Nobody really thought that the electoral revolution that took

place in Ekiti State was going to take place and shape – and honestly, I

didn’t. In fact, before that election, there had been several outcries that the

election was not going to be free and fair, and that votes were not going to

count. So many of the members of the

opposition, whose perception of opposition unfortunately is in the art and

science of hurling insults at government and at deploying irresponsible

sobriquets at it, travelled to Anambra. Most of us watching from the sidelines

did not really understand what an El-Rufai was going to do in Anambra State on

the very eve of the elections. Was he a grassroots campaigner or was he going

there as an accredited election monitor? If El-Rufai had been in Anambra state

at least three to six months before that election in Anambra, nobody would be

raising eyebrows that he was there in the thick of the campaigns and that the

SSS were unnecessary being malicious in locking him up in his room when they

did – and to protect him from the angry Anambrarians who felt piqued at his

taking them for granted by his highly provocative visit. I often like to quote

my oga at the top, Mr. Sam Kargbo, who writes for the Daily Independent Newspaper. His article titled, ‘Revisiting

Fashola’s politics and development’, published on Thursday 21st 2014

eloquently captures what the so-called political elite should have done and be

doing instead of running political opponents down. Hear him: ‘Democracy has its

challenges, but the greatest challenge we are facing is the challenge of

building a political class capable of managing resources for the benefit of the

people. In this respect, the elite must

join the political arena and participate actively in campaigns, elections and

all aspects of politics including the molding and creation of a critical mass

of voters capable of putting into elective offices, people of proven integrity

and competence.

This was the agenda that the opposition did not set for

itself against the backdrop of the Ekiti election – Ekiti then suddenly became

a mecca for politicians who had never set foot on Ekiti soil either as visitors

or campaigners for their party. Now please do not get me wrong here – there is

nothing in the books that says that politicians cannot go to a state to

campaign but if it would have been downright irresponsible if the government

had folded its arms and legs, albeit in the spirit of political tolerance, to allow

certain people to go Ekiti to ‘campaign’ just twenty four hours before the

elections proper. Twenty four hours before the elections, Ekiti suddenly began

to teem and swarm with politicians with fat wallets, ready to rock the state.

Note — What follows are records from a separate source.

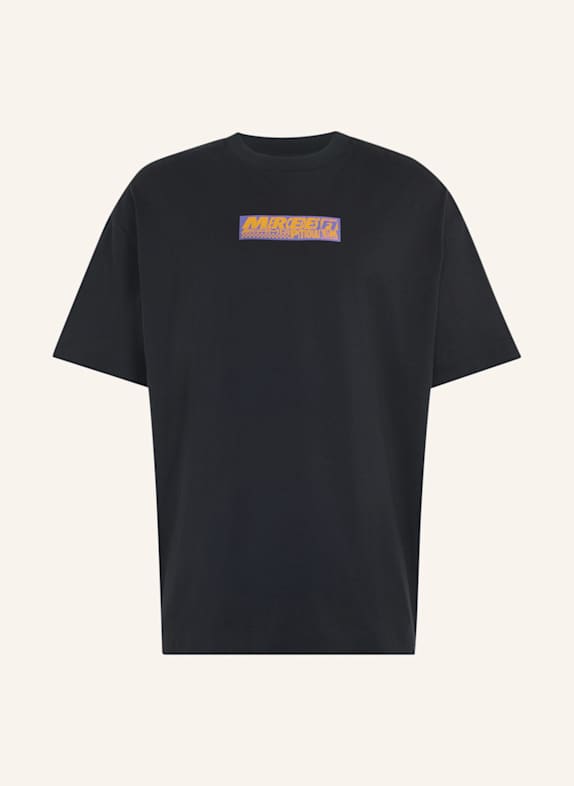 adidas MERCEDES – AMG PETRONAS FORMULA 1 TEAM LIGHTS ON T-SHIRT SCHWARZ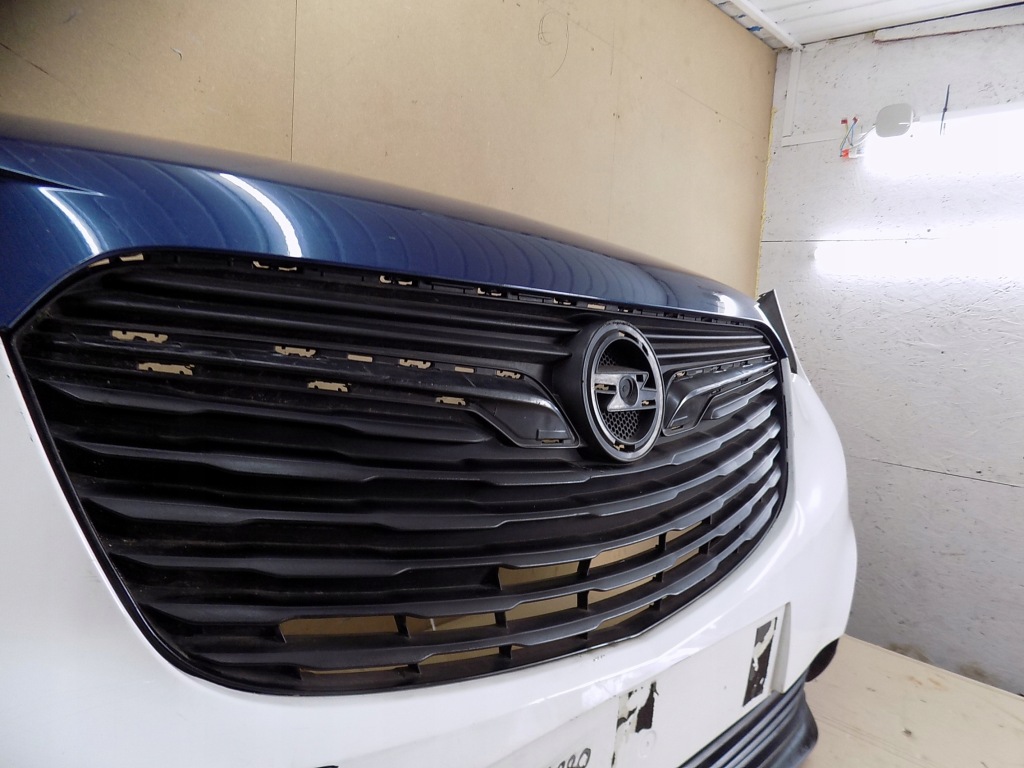 фото №6, Opel combo e бампер перед передний 2018-
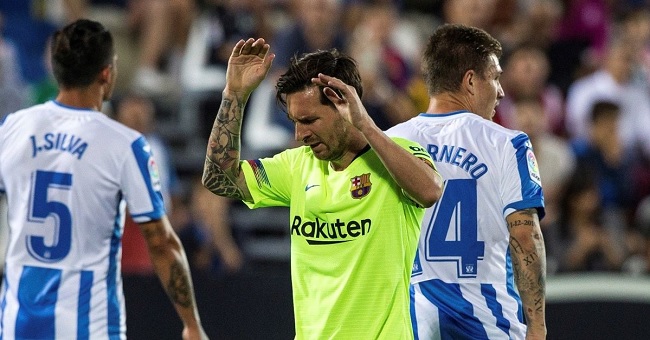 El arquero del Leganés destrozó a los jugadores del Barça por una insólita actitud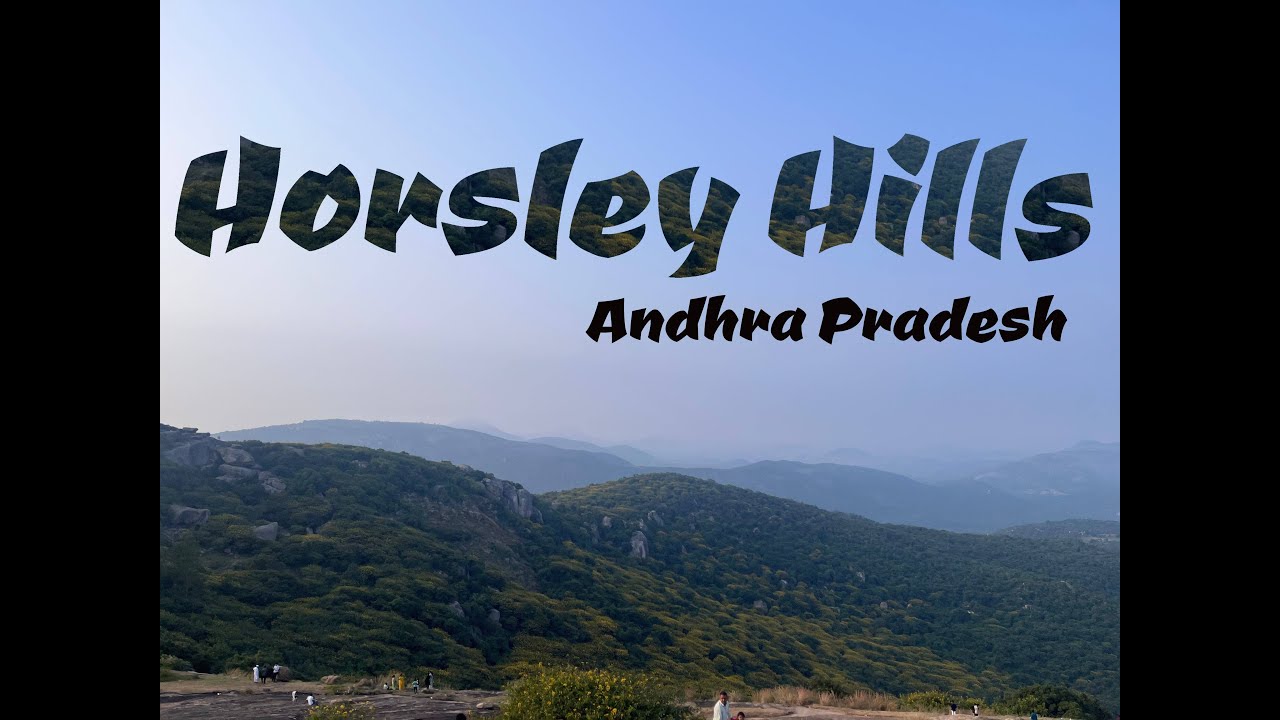 Chennai to Horsley Hills Road Solo Travel Bike Ride YouTube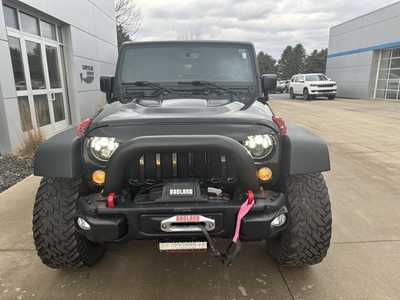 2015 Jeep Wrangler Unlimited, $25898. Photo 3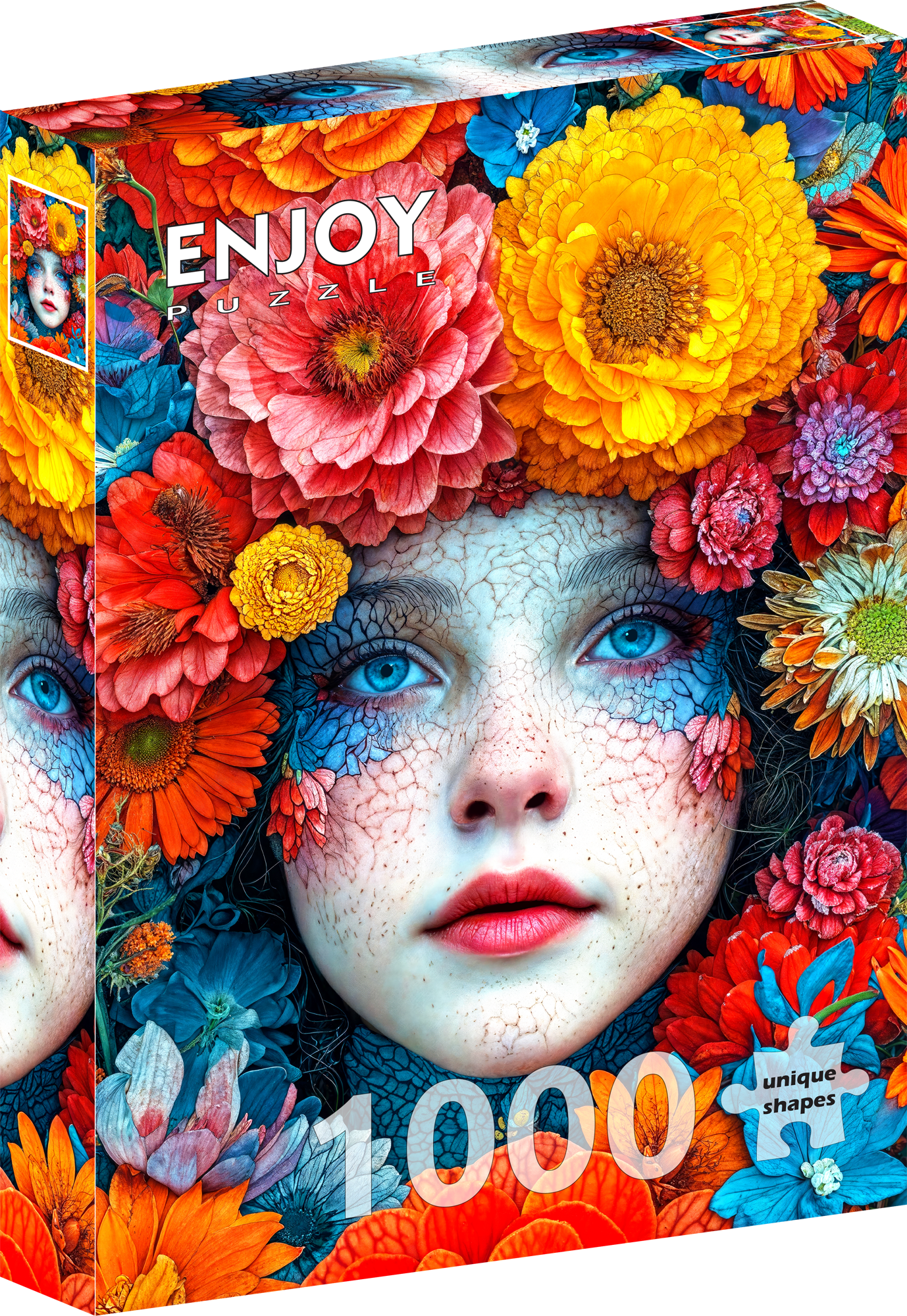 1000 Pieces Jigsaw Puzzle - Floral Grasp (2269)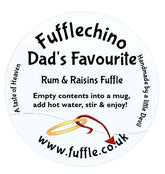 Dad's Favourite Fufflechino pod Rum & Raisin Pod Hot Chocolate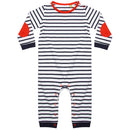 Baby's Striped Bodysuit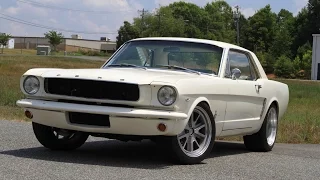 Modified 1965 Ford Mustang by Detroit Speed - One Take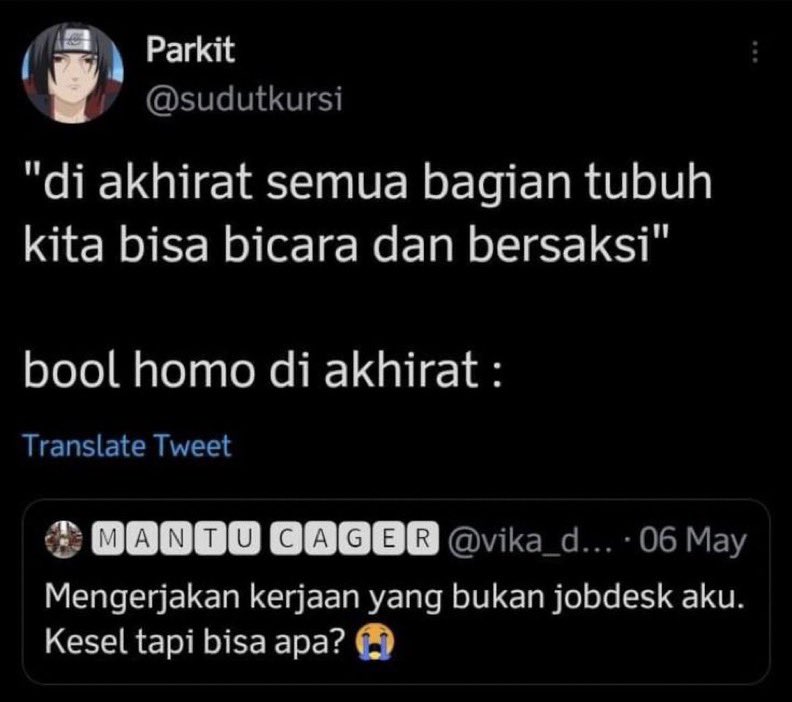 KUMPULAN KELAKUAN LUCU NETIZEN X 😭😭🤣🤣

(prem no iklan)

-A THREAD-
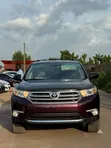 Toyota Highlander 2012 Foreign Used - 1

They were not allowed in, and the result of that election is comfortably

nestled somewhere in history as the local equivalent of the Arab Spring and of

the June 12 presidential election – nothing else in the annals of our political

experience could explain how that election happened the way it happened unless

the government took proactive steps.

But some Nigerians are indeed terrible sports and such sore

losers. Even with the Ekiti Arab Spring where a defeated governor conceded

defeat and congratulated his opponent, the opposition still went on to allege

that the elections were rigged in favour of the PDP because the government did

the needful by deploying a sizable proportion of security men and women and

patriots determined to forestall the mayhem and pandemonium that the opposition

had arranged. The opposition did not

stop at that. Incredibly, they have

listened to some practitioners of the law seeking to benefit from the electoral

process and they have gone to court to challenge our Arab Spring of an election

in Ekiti State.

For me, what compounds the credibility ratio and index

unfavourable to the opposition is that in the build up to the elections in

Osun, they began to play mind games with everyone. They alleged that the PDP

was going to rig the elections. That allegation was hinged on the theory that

since the PDP won the elections in Ekiti state with a huge draft of security

men and women to Osun, it was going to win the Osun election as well.

Therefore, having boxed everyone in a corner with their rhetoric, the APC

resorted to issuing threats, the most serious one of them being that it was

going to form a parallel government in the event that it did not win the

elections.

The Osun elections have come and gone, and the APC won by a

very slim margin in a keenly contested election, and under a playing field

adjudged by us all as level. Many people have said that the PDP lost because

its candidate was a hard sell. I do not know about this. What I am sure of is

that Nigerian politicians are like the lawyers: they win a case and they

proceed to the rooftops to let the world know that the judicial system that

gave them victory is the best in the world; if they lose the case, they proceed

to the rooftops as well and tell you the judge erred in law, principle and

fact, and that the judgement is a travesty of the judicial system. For us to develop as a nation seeking to get

it right, politicians must learn to be mature and magisterial in their scope

and outlook concerning the political process.